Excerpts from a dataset

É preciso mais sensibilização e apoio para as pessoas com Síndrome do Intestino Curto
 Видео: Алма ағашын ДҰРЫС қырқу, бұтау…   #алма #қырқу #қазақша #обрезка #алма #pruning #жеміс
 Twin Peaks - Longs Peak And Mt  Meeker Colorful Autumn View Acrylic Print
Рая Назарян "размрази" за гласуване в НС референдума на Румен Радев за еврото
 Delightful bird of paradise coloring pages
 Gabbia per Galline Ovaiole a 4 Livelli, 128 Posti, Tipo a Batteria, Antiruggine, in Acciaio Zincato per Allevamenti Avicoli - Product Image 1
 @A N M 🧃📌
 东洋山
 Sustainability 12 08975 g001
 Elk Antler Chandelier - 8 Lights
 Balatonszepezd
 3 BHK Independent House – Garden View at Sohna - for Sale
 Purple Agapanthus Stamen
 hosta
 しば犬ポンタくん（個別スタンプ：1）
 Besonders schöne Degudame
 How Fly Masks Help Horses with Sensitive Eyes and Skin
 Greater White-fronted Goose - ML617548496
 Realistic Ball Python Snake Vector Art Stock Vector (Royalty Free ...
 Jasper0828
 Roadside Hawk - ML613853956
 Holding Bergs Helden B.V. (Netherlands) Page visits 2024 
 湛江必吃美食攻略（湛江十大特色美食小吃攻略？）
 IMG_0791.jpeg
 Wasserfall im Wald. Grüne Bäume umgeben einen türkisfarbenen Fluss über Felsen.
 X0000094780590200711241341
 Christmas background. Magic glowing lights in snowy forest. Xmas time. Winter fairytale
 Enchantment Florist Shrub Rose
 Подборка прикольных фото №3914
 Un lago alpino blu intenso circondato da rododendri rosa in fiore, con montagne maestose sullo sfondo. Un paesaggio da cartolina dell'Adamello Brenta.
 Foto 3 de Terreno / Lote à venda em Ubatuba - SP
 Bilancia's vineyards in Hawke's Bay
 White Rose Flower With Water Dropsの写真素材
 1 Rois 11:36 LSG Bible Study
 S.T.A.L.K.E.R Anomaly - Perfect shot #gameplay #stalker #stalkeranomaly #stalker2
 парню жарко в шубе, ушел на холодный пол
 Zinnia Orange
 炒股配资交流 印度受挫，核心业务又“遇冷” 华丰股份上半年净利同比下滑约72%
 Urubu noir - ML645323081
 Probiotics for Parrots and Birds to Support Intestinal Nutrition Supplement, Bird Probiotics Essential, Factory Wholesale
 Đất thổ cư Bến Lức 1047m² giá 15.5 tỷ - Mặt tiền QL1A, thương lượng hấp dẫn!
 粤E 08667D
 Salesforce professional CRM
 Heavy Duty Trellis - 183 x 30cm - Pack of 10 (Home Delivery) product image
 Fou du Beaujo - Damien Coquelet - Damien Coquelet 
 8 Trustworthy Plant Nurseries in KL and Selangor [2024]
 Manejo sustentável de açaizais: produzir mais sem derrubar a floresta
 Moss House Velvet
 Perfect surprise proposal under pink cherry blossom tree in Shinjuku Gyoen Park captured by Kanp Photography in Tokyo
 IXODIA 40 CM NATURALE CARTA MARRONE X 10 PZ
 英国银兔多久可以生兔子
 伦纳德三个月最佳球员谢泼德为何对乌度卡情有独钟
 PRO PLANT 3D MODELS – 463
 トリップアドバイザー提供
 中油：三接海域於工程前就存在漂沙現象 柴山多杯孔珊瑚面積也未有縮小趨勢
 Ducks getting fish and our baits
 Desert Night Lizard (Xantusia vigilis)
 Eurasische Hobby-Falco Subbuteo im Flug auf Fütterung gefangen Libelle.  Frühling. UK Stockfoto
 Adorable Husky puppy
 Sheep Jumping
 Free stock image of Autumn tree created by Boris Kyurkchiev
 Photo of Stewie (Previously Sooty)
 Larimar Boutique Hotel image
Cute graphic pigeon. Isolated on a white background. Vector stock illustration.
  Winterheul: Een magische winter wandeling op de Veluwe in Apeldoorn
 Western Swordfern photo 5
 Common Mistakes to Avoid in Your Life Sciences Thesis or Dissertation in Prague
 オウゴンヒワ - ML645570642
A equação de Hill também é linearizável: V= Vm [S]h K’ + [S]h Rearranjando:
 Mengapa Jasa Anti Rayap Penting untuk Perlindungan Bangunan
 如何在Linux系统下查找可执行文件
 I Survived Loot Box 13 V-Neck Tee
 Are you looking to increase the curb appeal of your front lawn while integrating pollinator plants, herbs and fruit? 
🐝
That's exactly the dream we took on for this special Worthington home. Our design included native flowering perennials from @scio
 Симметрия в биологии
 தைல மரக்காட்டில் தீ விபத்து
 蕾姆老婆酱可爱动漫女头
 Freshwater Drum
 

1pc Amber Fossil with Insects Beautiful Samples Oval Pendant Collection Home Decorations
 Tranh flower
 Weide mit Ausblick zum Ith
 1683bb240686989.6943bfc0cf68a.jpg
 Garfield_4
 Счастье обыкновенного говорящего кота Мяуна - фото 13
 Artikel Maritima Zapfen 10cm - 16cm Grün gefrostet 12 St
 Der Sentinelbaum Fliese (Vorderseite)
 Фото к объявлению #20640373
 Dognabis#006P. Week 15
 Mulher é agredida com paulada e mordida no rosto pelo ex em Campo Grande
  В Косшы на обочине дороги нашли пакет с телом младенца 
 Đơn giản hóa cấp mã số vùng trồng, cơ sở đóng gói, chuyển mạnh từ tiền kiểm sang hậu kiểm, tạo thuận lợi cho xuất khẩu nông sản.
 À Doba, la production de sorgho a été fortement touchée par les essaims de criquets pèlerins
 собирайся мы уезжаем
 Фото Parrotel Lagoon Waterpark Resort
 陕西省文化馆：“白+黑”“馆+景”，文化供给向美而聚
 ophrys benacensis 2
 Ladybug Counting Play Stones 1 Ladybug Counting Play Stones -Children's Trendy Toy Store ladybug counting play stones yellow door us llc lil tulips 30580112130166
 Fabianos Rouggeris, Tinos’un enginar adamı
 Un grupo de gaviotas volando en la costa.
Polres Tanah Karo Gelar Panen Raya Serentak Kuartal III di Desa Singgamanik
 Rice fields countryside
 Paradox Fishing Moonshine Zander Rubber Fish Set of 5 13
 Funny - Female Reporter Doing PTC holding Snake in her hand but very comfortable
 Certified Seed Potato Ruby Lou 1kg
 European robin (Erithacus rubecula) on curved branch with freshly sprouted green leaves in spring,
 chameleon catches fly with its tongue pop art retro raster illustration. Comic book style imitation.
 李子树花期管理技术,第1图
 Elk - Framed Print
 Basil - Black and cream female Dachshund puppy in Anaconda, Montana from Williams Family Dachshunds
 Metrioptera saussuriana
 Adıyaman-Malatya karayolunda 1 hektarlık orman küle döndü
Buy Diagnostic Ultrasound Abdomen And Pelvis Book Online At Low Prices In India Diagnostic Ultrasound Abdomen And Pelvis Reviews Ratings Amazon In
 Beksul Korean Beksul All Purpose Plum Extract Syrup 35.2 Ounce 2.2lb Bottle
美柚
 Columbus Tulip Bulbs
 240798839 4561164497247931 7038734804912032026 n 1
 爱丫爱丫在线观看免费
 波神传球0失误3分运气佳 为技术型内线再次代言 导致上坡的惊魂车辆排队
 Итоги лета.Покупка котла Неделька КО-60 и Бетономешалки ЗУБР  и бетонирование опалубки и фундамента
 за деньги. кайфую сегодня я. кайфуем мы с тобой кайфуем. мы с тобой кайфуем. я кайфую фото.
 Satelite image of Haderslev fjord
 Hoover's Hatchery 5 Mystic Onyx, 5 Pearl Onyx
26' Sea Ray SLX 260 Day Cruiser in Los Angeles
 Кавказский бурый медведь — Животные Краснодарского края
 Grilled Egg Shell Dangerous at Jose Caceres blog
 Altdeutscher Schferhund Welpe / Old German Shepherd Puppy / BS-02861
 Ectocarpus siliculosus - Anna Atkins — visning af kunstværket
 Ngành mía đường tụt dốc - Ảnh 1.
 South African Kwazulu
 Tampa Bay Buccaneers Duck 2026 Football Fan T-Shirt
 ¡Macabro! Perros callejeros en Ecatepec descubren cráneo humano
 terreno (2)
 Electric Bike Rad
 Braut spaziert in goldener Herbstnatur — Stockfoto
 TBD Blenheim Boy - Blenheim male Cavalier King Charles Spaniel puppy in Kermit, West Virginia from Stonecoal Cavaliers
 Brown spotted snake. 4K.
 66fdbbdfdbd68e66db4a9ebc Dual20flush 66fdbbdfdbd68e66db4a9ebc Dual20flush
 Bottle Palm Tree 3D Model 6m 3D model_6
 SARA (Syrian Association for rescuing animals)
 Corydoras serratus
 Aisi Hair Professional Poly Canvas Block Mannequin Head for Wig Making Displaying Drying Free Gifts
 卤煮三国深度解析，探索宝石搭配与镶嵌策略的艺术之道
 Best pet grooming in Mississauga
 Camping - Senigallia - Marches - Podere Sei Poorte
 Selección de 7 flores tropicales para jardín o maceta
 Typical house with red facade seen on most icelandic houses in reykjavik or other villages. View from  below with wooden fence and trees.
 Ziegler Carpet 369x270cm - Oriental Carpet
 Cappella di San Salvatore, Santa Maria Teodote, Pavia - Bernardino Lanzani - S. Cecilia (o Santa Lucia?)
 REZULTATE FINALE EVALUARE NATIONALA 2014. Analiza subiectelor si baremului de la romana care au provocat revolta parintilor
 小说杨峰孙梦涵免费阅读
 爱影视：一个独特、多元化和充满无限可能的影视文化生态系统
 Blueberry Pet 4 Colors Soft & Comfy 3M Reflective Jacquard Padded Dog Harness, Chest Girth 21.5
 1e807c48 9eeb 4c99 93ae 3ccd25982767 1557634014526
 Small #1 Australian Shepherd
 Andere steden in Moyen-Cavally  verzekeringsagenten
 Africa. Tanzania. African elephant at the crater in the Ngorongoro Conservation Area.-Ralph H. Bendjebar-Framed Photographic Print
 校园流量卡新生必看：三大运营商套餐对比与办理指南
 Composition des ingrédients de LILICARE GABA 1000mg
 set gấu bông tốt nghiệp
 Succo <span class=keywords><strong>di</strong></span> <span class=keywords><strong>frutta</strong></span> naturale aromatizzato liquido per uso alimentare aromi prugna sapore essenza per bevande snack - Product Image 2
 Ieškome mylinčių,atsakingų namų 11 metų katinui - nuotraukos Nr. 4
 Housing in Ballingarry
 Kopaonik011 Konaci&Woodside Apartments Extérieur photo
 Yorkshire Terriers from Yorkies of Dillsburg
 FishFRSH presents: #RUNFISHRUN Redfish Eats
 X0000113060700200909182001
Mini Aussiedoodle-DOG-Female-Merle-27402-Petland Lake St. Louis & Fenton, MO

_Exercise prompt:_ Could you repeat exactly the lines above from the line with "3 BHK Independent" up to and including the line with "Urubu noir - ML645323081", and only those?

_Response to this exercise:_
 3 BHK Independent House – Garden View at Sohna - for Sale
 Purple Agapanthus Stamen
 hosta
 しば犬ポンタくん（個別スタンプ：1）
 Besonders schöne Degudame
 How Fly Masks Help Horses with Sensitive Eyes and Skin
 Greater White-fronted Goose - ML617548496
 Realistic Ball Python Snake Vector Art Stock Vector (Royalty Free ...
 Jasper0828
 Roadside Hawk - ML613853956
 Holding Bergs Helden B.V. (Netherlands) Page visits 2024 
 湛江必吃美食攻略（湛江十大特色美食小吃攻略？）
 IMG_0791.jpeg
 Wasserfall im Wald. Grüne Bäume umgeben einen türkisfarbenen Fluss über Felsen.
 X0000094780590200711241341
 Christmas background. Magic glowing lights in snowy forest. Xmas time. Winter fairytale
 Enchantment Florist Shrub Rose
 Подборка прикольных фото №3914
 Un lago alpino blu intenso circondato da rododendri rosa in fiore, con montagne maestose sullo sfondo. Un paesaggio da cartolina dell'Adamello Brenta.
 Foto 3 de Terreno / Lote à venda em Ubatuba - SP
 Bilancia's vineyards in Hawke's Bay
 White Rose Flower With Water Dropsの写真素材
 1 Rois 11:36 LSG Bible Study
 S.T.A.L.K.E.R Anomaly - Perfect shot #gameplay #stalker #stalkeranomaly #stalker2
 парню жарко в шубе, ушел на холодный пол
 Zinnia Orange
 炒股配资交流 印度受挫，核心业务又“遇冷” 华丰股份上半年净利同比下滑约72%
 Urubu noir - ML645323081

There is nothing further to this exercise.